PROBLEM REQUIREMENTS:
In the material below, find the line that contains "ダッフルコートTATAMIZE-CO-02" and the line that contains "जया भारती का", then write out exactly those two lines and everything between them.

GIVEN ENTRIES:
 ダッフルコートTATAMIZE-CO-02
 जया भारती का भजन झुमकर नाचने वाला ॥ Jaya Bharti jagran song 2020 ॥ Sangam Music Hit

* * *

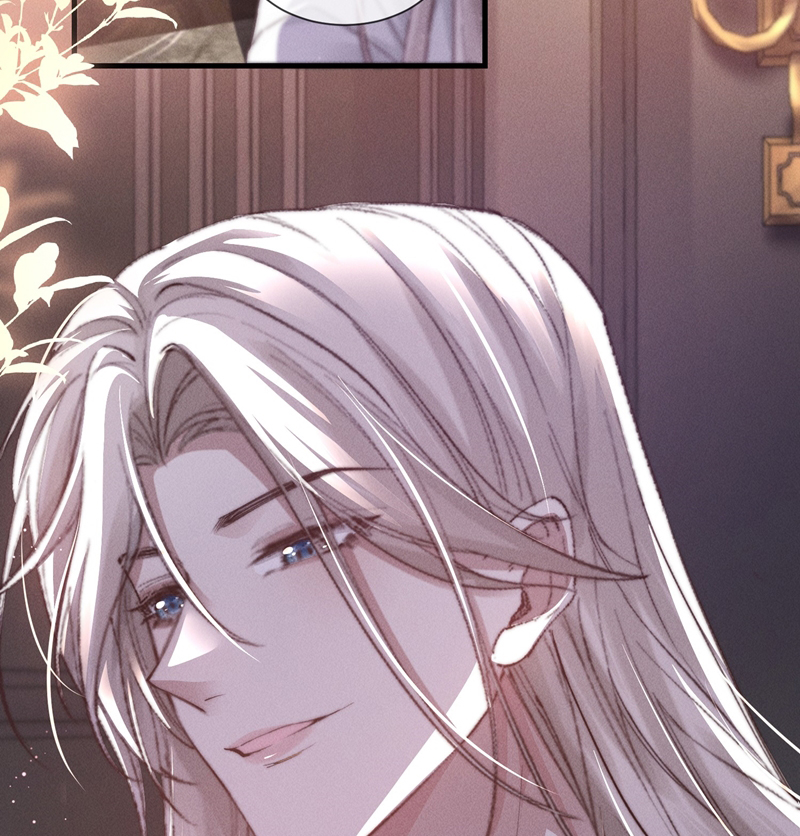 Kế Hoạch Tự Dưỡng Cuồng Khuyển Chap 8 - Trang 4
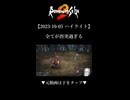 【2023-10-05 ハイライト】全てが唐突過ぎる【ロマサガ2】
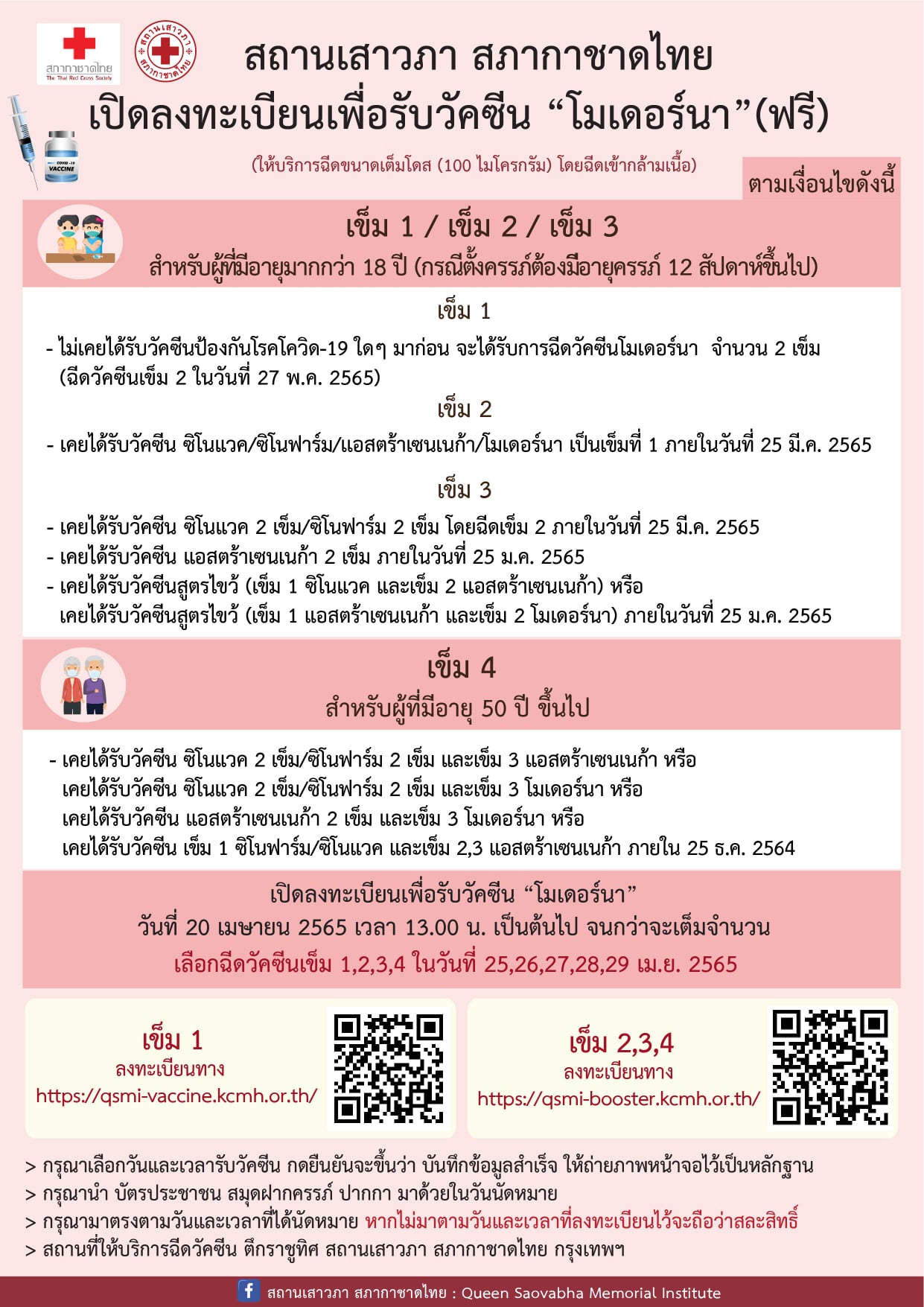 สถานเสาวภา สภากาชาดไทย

==

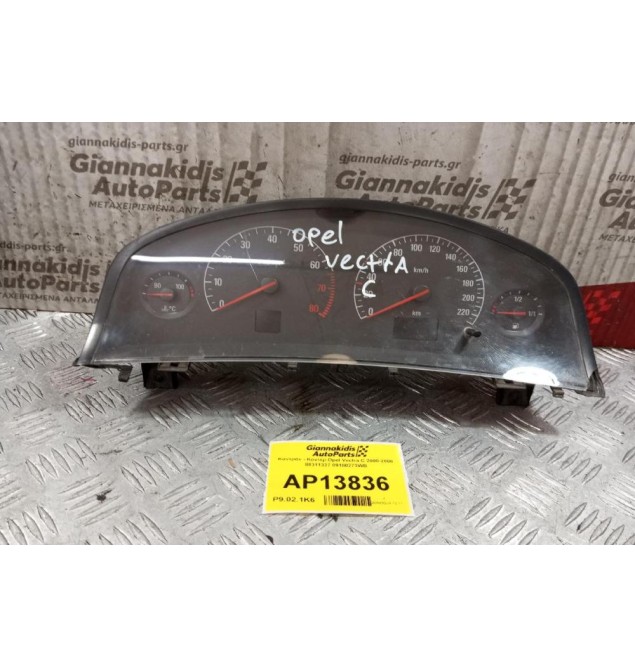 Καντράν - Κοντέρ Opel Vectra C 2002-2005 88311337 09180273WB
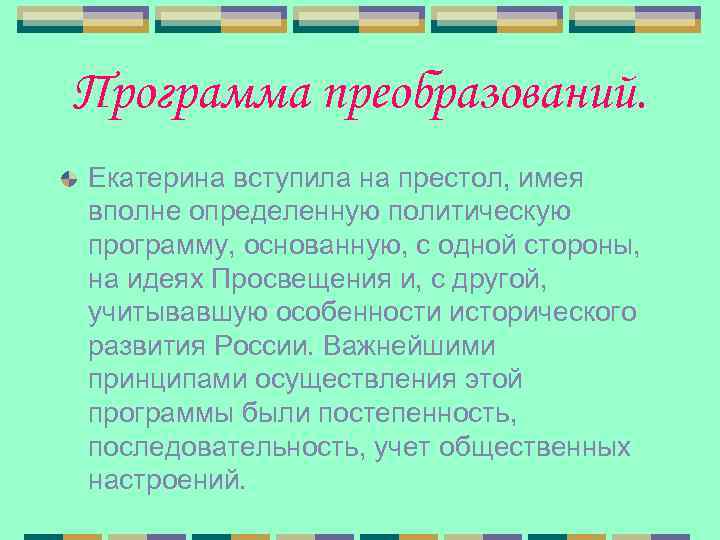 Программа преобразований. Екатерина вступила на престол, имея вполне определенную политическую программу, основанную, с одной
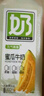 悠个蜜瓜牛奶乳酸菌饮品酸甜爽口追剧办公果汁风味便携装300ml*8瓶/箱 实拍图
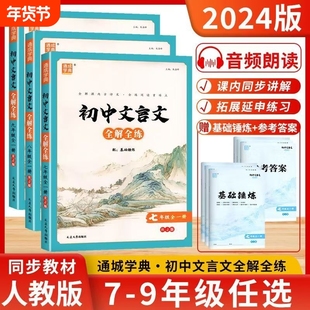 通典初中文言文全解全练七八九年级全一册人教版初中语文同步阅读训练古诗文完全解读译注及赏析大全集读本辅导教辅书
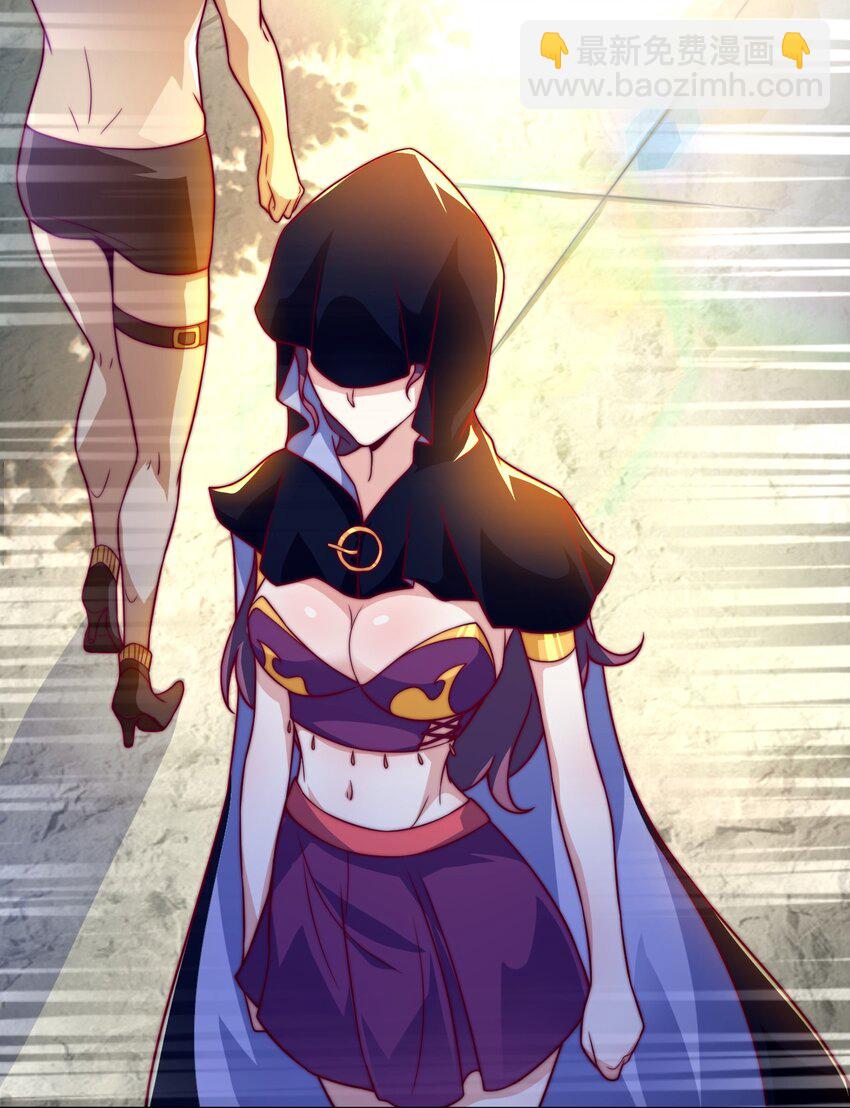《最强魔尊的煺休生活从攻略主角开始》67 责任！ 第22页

TASK RESPONSE:
 ダッフルコートTATAMIZE-CO-02
 जया भारती का भजन झुमकर नाचने वाला ॥ Jaya Bharti jagran song 2020 ॥ Sangam Music Hit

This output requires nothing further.